EXTRACTED MATERIAL Block Start
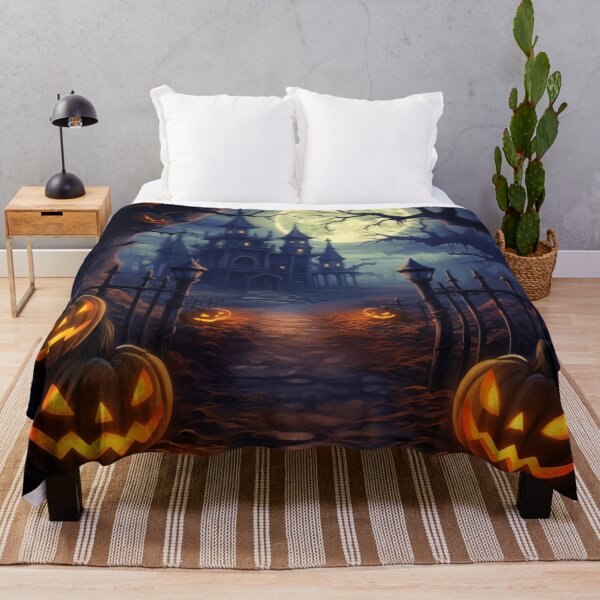 Item preview, Halloween Scene designed and sold by Rtymer.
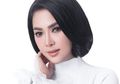 Beda dari Biasanya, Kini Istri Reino Barack Syahrini Tampil Santun Pakai Hijab Motif, Sudah Mantap?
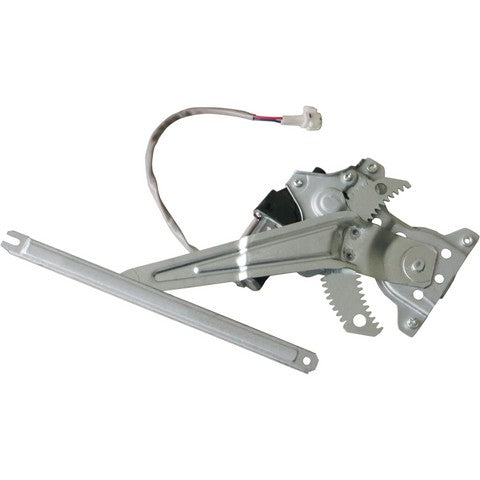 TrakMotive Window Motor and Regulator Assembly P/N:21-1465 Fits: Toyota Rav4 00-96 - Image 2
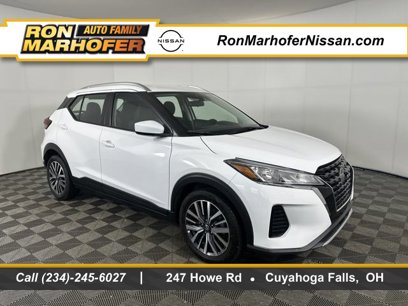 Used 2021 Nissan Kicks SV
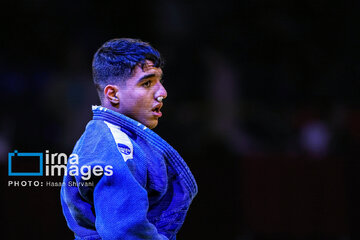 La Ligue iranienne de judo (U17)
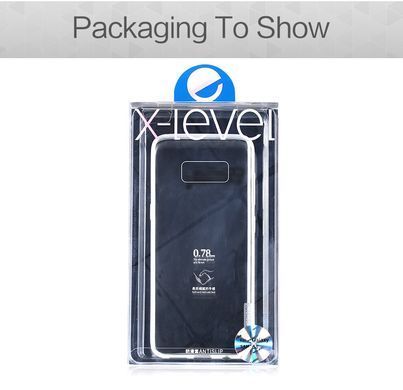 Захисний чохол X-level Antislip для Samsung G955F Galaxy S8 Plus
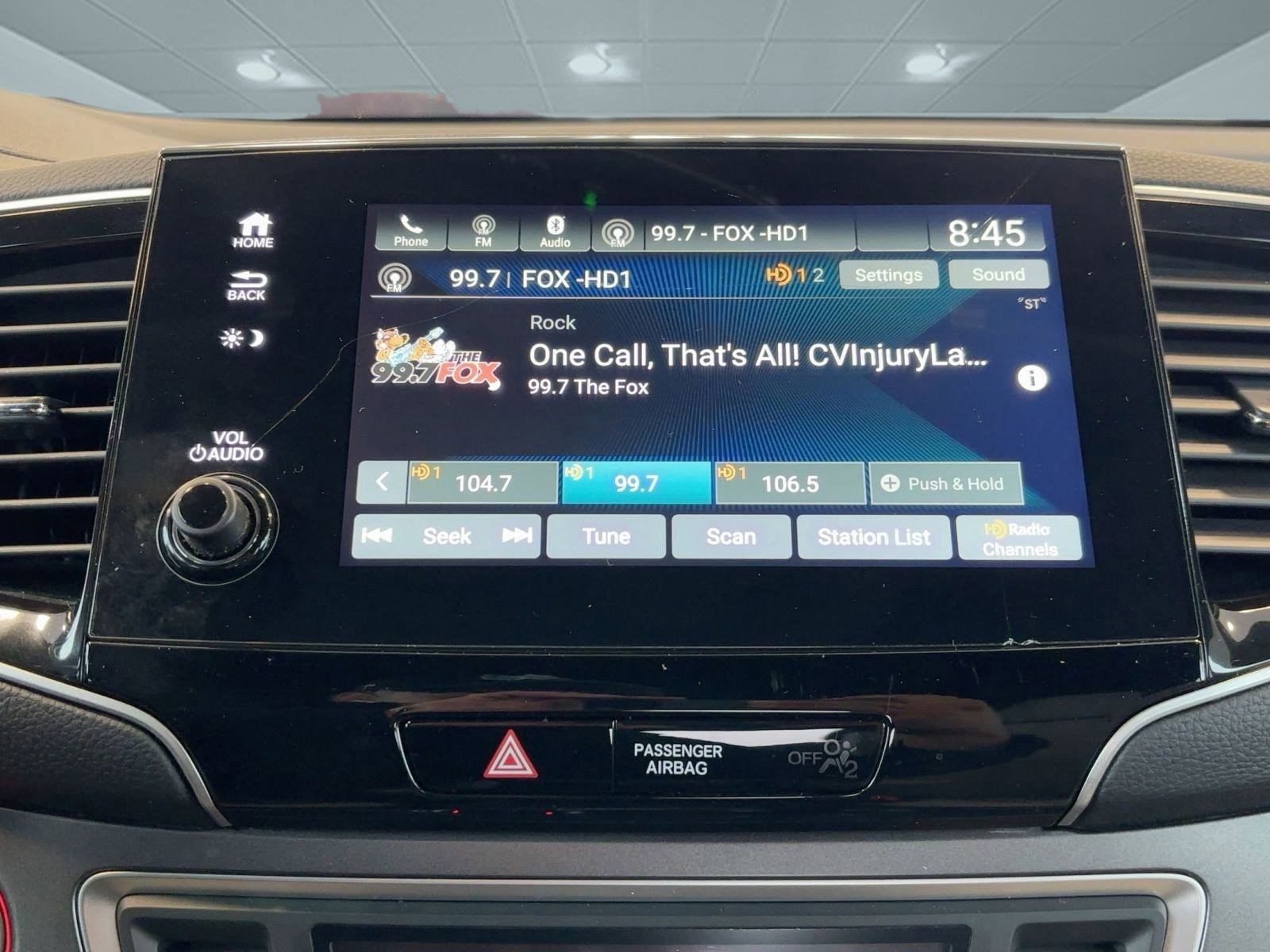 Used 2022 Honda Passport EX-L image 24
EXTRACTED MATERIAL Block End
PROMPT
Do not include the pictures. Quote only the lines from the line with "Used 2021 Nissan Kicks SV" through the end of the material, both ends included, exactly.

ANSWER FOR THIS EXERCISE
 Used 2021 Nissan Kicks SV
 La Ligue iranienne de judo (U17)
 Захисний чохол X-level Antislip для Samsung G955F Galaxy S8 Plus
 Used 2022 Honda Passport EX-L image 24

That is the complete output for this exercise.